The newspaper says that the dollar pulled back at the parallel market at the weekend on the strength of rising market optimism and ease of panic over the stoppage of foreign exchange sale to the bureau de change (BDC) operators.
The dollar traded between N505/$ and N515/$ in the Lagos market at the weekend. On Wednesday, a day after the announcement of the new policy by the Central Bank of Nigeria (CBN), the naira fell to N525/$ raising the fear that it would hit N550/$ in the next few weeks.
There was panic across the market after a meeting by the Body of Bank Chief Executive Officers (CEOs) where it projected that the exchange rate would recover to at least N423/$.
Deposit money banks (DMBs) also commenced aggressive marketing of the personal travel allowances (PTA) and business travel allowance (BTA) through personalised messages and other platforms at the weekend.
Following the suspension of funding to BDCs, the apex bank had directed banks to create mobile applications and alert systems to update customers of their foreign exchange movement.
ThisDay reports that acting on the recommendation by the Inspector-General of Police, Mr. Usman Baba, to suspend the Deputy Commissioner of Police, Abba Kyari, over his indictment by United States Federal Bureau of Investigation (FBI), the Police Service Commission (PSC), yesterday, approved the IG request and has suspended Kyari.
The Inspector-General of Police, Mr. Usman Baba, had Sunday recommended the immediate suspension of Deputy Commisioner of Police and Head of the Police Intelligence Response Team (IRT), Mr. Abba Kyari.
He had also set up a four-man Special Investigative Panel (SIP) headed by Deputy Inspector-General of Police in charge of Force Criminal Investigations, DIG, Joseph Egbunike, to investigate all the allegations contained in the relevant US court documents served the Nigeria Police by the Federal Bureau of Investigation (FBI).
This is as some groups have warned the Economic and Financial Crimes Commission (EFCC) against using the case of a former President of the Senate, Dr. Bukola Saraki, to cover up the international umbrage against President Muhammadu Buhari’s government over Kyari’s indictment.
However, a statement issued by the spokesman of the Police Service Commission, Mr. Ikechukwu Ani, said the suspension took effect from Saturday, July 31, 2022.
“The Police Service Commission has suspended Abba Kyari, a Deputy Commissioner of Police and Head, Intelligence Response Team (IRT) of the Nigeria Police Force from the exercise of the Powers and functions of his office.
“Abba Kyari’s suspension took effect from Saturday, July 31st 2021 and would subsist pending the outcome of the investigation in respect of his indictment by the Federal Bureau of Investigation of the United States,” it said.
The Punch says that Nigeria’s liabilities to the World Bank and the African Development Bank rose from $7.14bn to $14.25bn between June 30, 2015 and March 31, 2021, data obtained from the Debt Management Office have shown.

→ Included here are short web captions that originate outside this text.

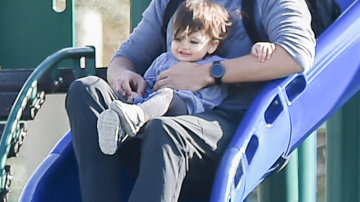 Кунис и Катчер развеяли слухи о проблемах в браке, а их дочь снова всех умилила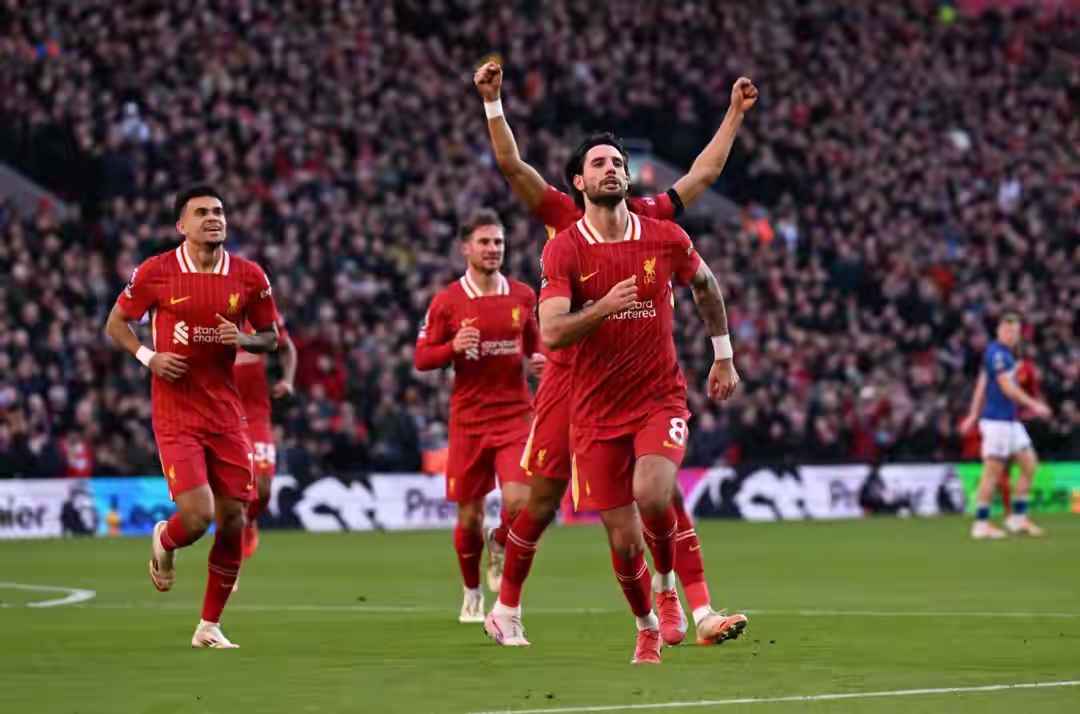 利物浦鏖战巴西，德布劳内点燃赛场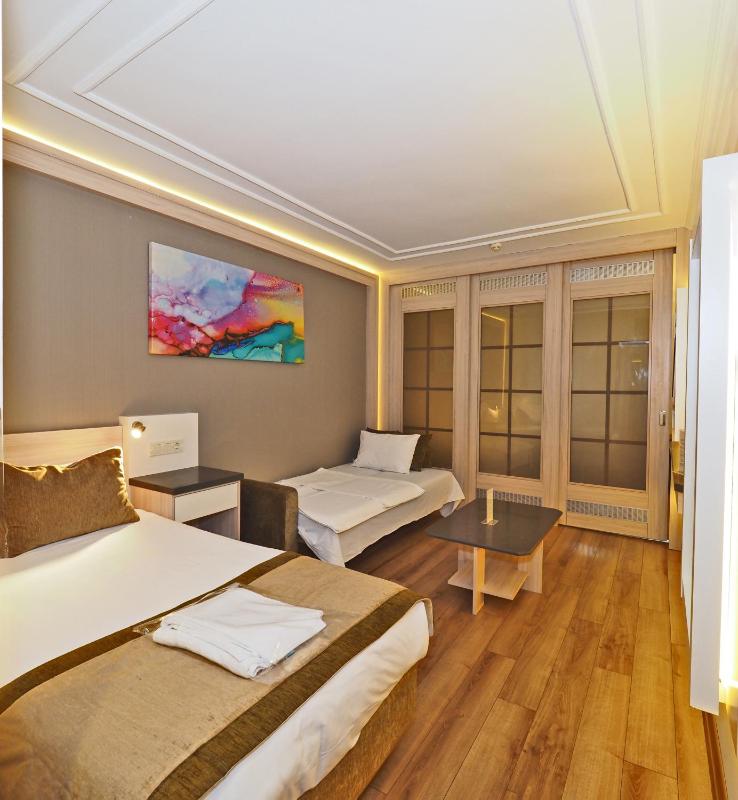 Superior Quadruple Room image 4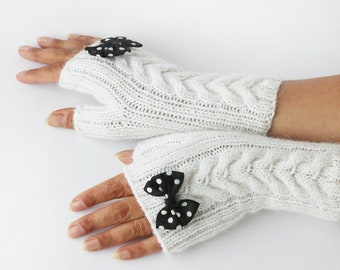 White Knitted Hand Warmers Fingerless Gloves White Fingerless Mitts Wrist Warmers Girls gloves with Bow Gift for Her Gift for Woman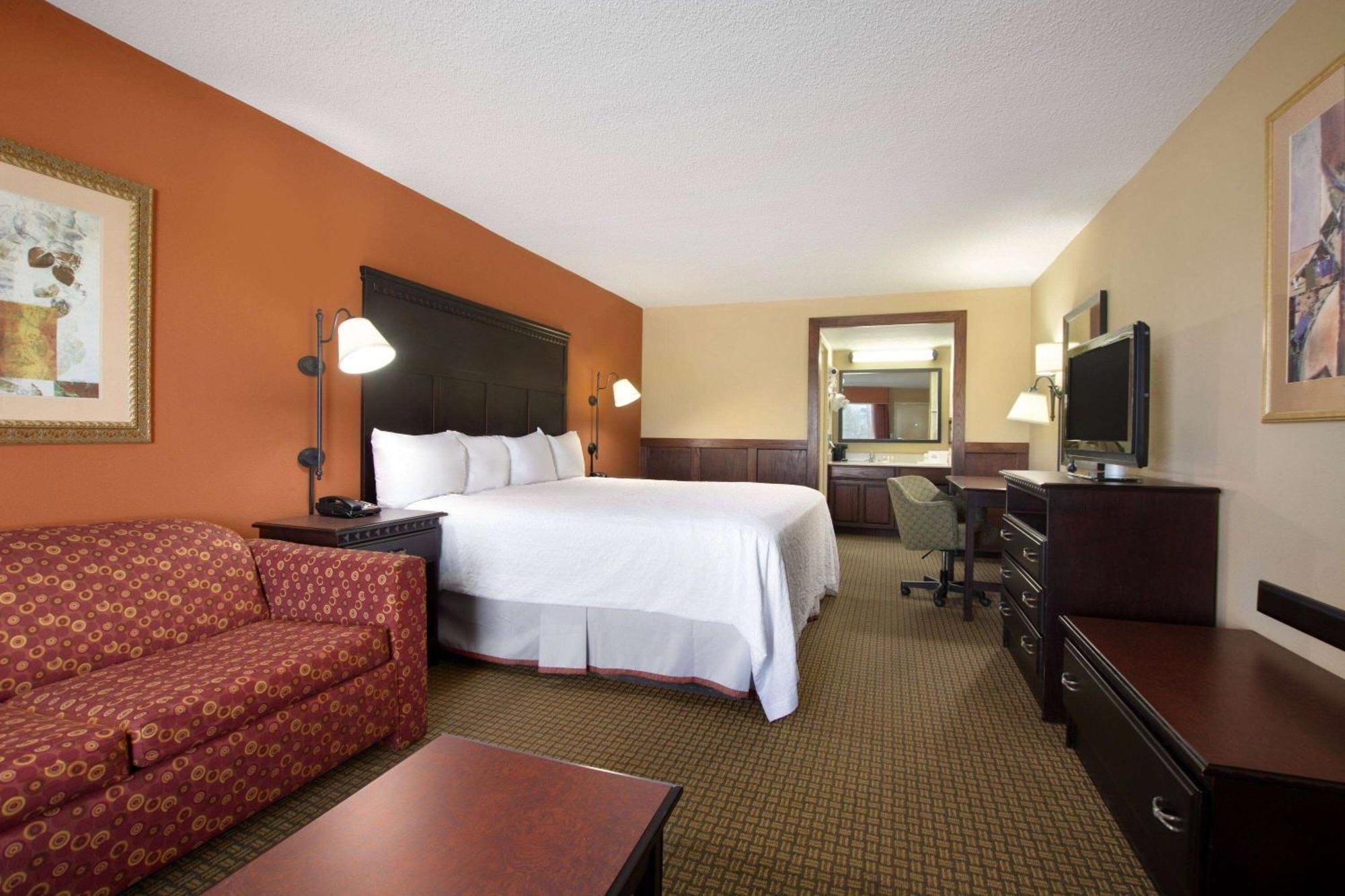 Deluxe King Room - Non-Smoking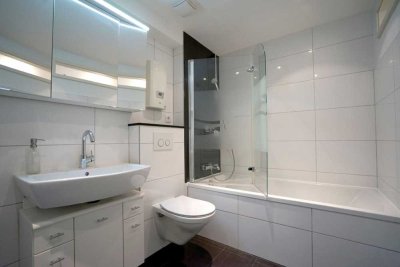 Lichtdurchflutete 3-Zimmer mit Loggia, modernes Bad und Küche in Fallersleben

This means that the commitment of the banks to the country rose by $7.11bn within the period under review. This represents an increase of 98.48 percent.
As of June 30, 2015, the Federal Government had borrowed a total sum of $6.19bn from the World Bank.

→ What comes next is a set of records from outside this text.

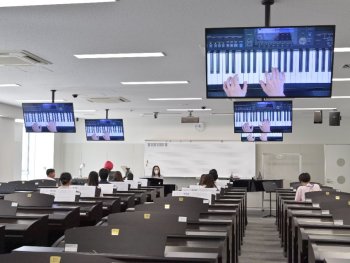 姫路大学
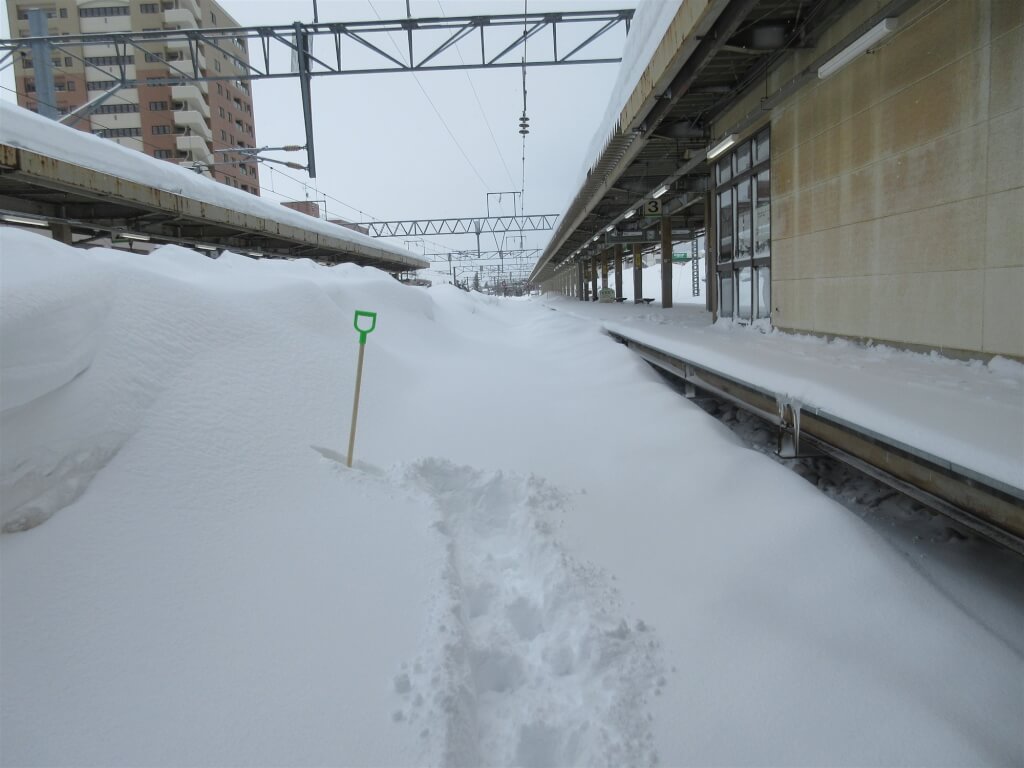 日本／北海道积雪创纪录 新千岁机场暂停起降 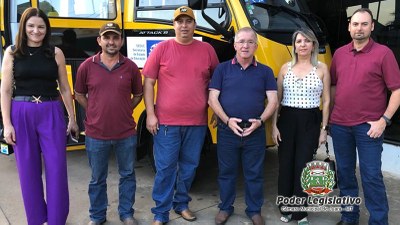 Vereadores e prefeito participaram da entrega de dois novos ônibus para o transporte escolar de Juara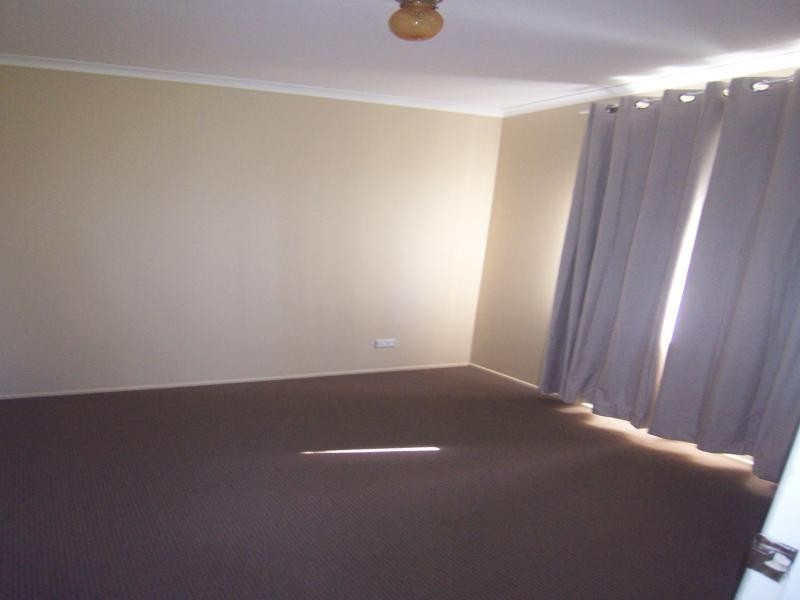 68 Siemon Street, One Mile QLD 4305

A breakdown of the group’s portfolio in the country shows that a greater part of the loans was obtained from the International Development Association, an arm of the World Bank that specialises in giving concessional loans to poor and fragile countries. The IDA commitment to Nigeria amounted to $6.09bn.
Another member of the group, the International Fund for Agricultural Development, had a commitment of $94.80m in the country.
Similarly, at the same time, the AfDB commitment to the country stood at $946.52m, comprising loans from various internal bodies such as the African Development Bank ($350m) and African Development Fund ($596.53m). By March 31, 2021, the Federal Government’s debt to the World Bank had risen to $11.51bn, reflecting a $5.32bn or 86 percent increase.